Some of our IT industry lists are:

  • CRM Users List
  • ERP Users List
  • IT Consultants List
  • IT Decision Makers List
  • Software Users List
  • SAP Users List
  • JD Edwards Users List and more…

We also deal in healthcare industry multi-channel contact information.

Let me know anything you wish with your message in the right-side box.

Yours truly,

Monday, October 14, 2013

Prying v/s Constructive Investigation

Big Data is grand. It is big enough to cause an overwhelming feeling the moment you begin to understand its scope. Even moral discussions around it find validation because of its scope to infringe on areas and other factors of daily life.

The question consumers are beginning to ask is - what the heck is the point in trusting someone who knows how to pry, and does it for their own benefit?

Prying v/s Constructive Investigation

Here's what: When a consumer walks into a digitally-run store today, which is virtually everywhere, he or she is aware about the outline of information they are giving away for convenient trading.

Now, you cannot deny that you simply give away your bank account number, details of items purchased, your name, perhaps even how many family members you have. If this seems to be scaring you, I am sorry you are eons away from the now.

What big data also does is support the "true caller" facility. Is that dangerous? Well, that's what any technology is potentially.

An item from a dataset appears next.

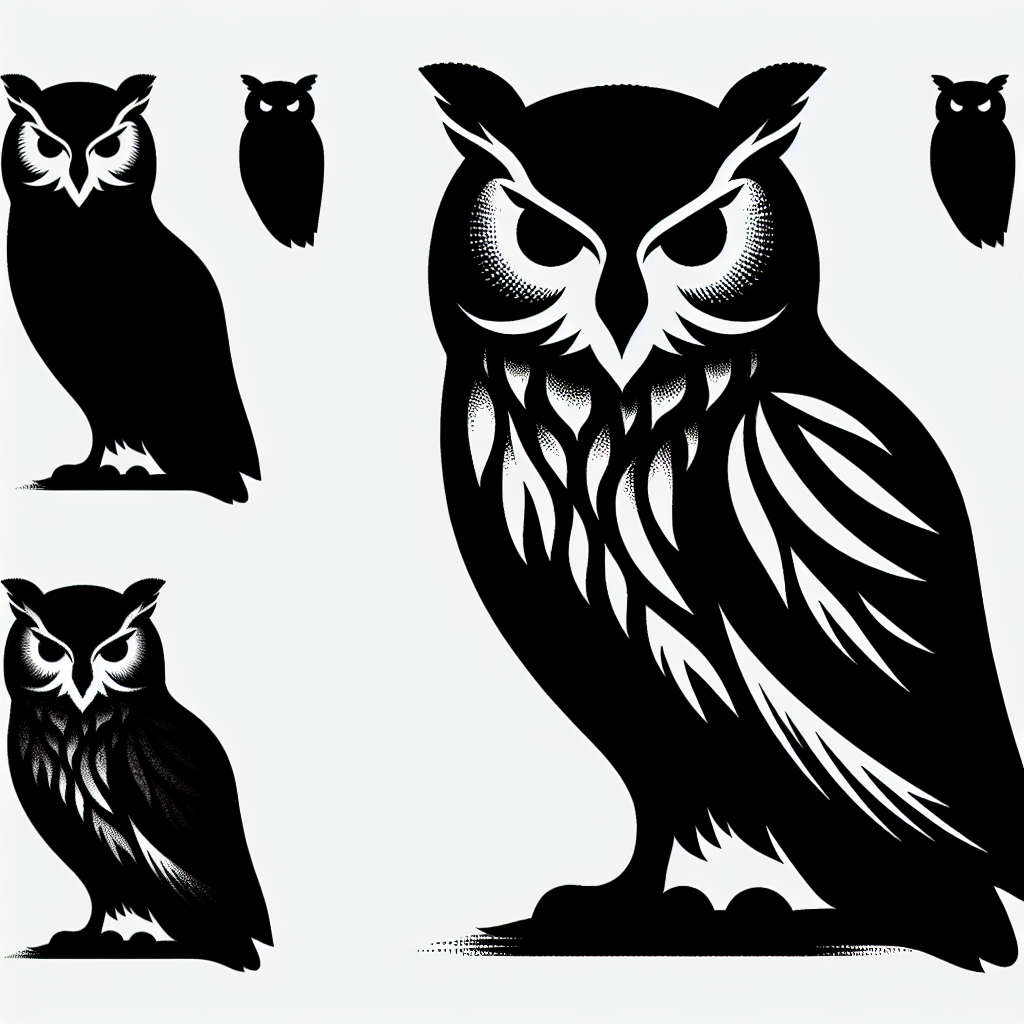 Owl Wildlife Vector Silhouette | Digital Download SVG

As powerful as it gets, like any other technology, big data is a potential gold mine, especially for people dependent on... 

  • Efficient networking
  • Sales targets
  • Market analysis
  • Market segmentation
  • Opening new markets
  • ... and a lot more!

Essentially, as a part of any organization, or in any job role, a healthy dose of networking is very advisable. That implies every worker today needs to get the view of the other side - is my product working? Is my client satisfied? Can I get more clients going the way I am? All these are important questions, and coming from diligent professionals. It would only be fair to argue that big data is an important utility system! Especially when everyone can get it...

Tuesday, October 8, 2013

Time to show some Expertise!

As a marketer, you can never offer too many choices... Watch this video and continue reading.

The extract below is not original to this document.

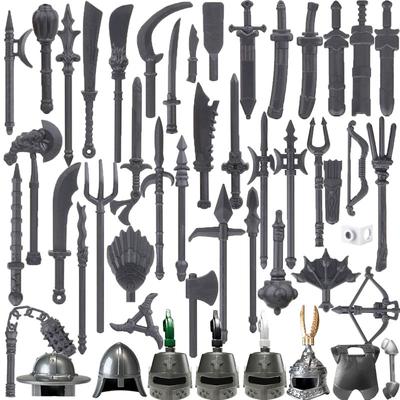 MOC Средневековые Строительные Блоки Военные Фигурки Аксессуары Оружие Солдата Лук Копье Арбалет Кирпич Шлем Меч Игрушка Подарок X058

The idea of you getting confused about the choices at an apparel store is kind of obvious. So imagine someone who is given a choice between MPO/SEO/Prospecting/Lead Generation/Demand Generation/etc. And the bloke is a techie!

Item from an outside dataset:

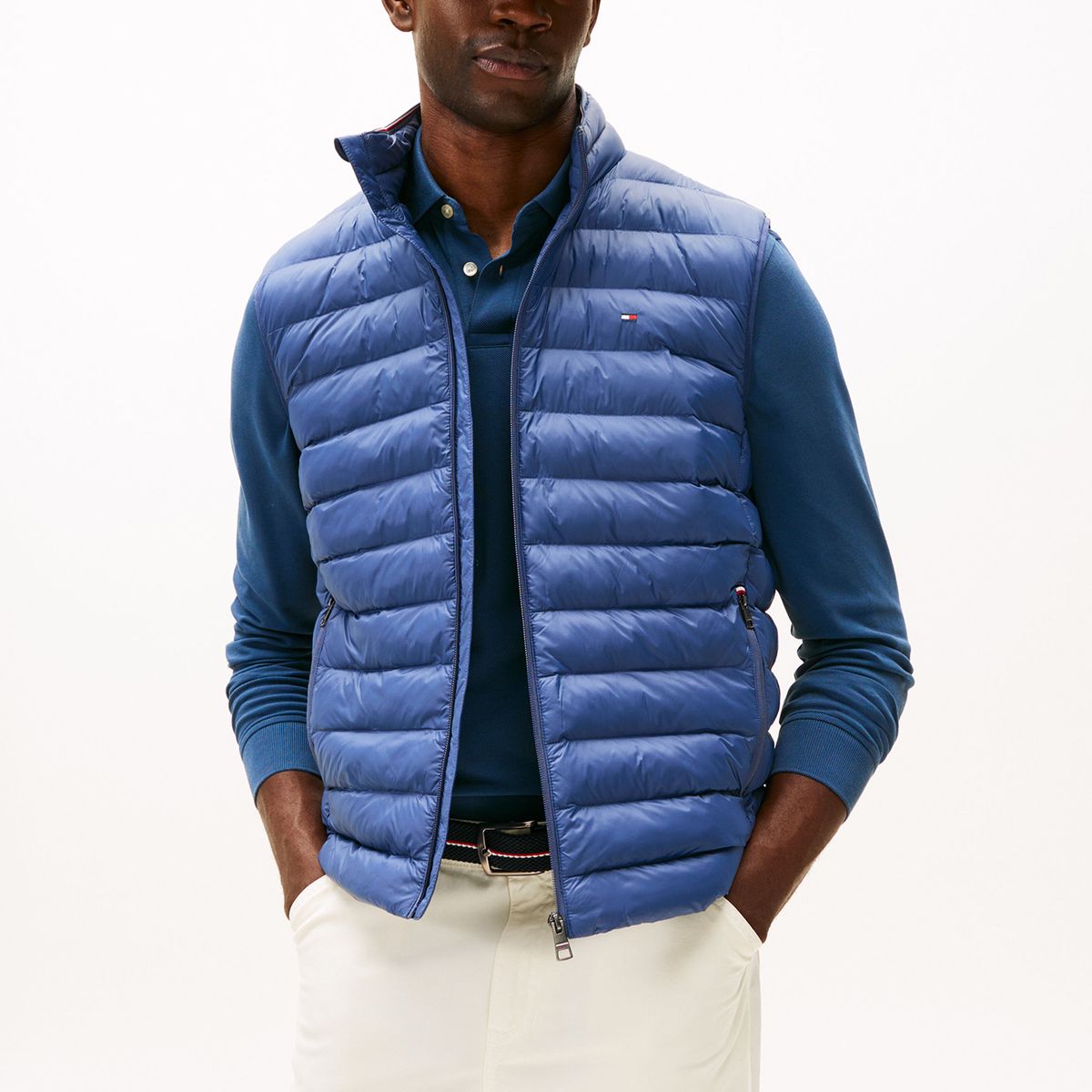 TOMMY HILFIGER - Parka Vest Plegable Repelente Al Agua Azul Tommy Hilfiger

The best thing for a buyer is to know what is the best choice first, and advices are not always vices! Especially if you have a good reputation in the market.

So here's the advice of the week - STOP giving your customers a gamut of choices, and show some EXPERTISE in strategizing!

Thursday, October 3, 2013

Your Homework - First Gain the Trust

How far can you get with digital marketing if your brand is all messed up - unrecognized, unevenly branded, lacks concept, and ABOVE ALL, lacks the trust of the masses...

One has to understand that a technology or healthcare brand cannot survive with the brand having gained enough credibility. As a result, there have been a large number of trust building campaigns coming from the tycoons if you remember ads in the late 1990s and the last decade. They were frequently seen flying around in magazines, and that's what adds to the share value. That's an immense advantage for companies banking on public investment to build, test and sell advanced technology-driven solutions.

The crux of any marketing failure lies in brandishing a brand that has gained very little or no trust as yet.

You may spend thousands of dollars on a single advertising collateral, but nobody really gives a damn whether or not you have some swanky solution... unless it can be blindly trusted.

So here's your homework today -

  1. Find out whose trust you mainly need to gain
  2. Figure out a way to find out a maximum number of them
  3. Do a research on their fears, apprehensions and understanding of the market
  4. Create a campaign after you have some sure answers

There you are! Fantastically poised in gaining the trust of  your consumers, the confidence of your distributors, and the admiration of your employees... by just following a copybook method!!!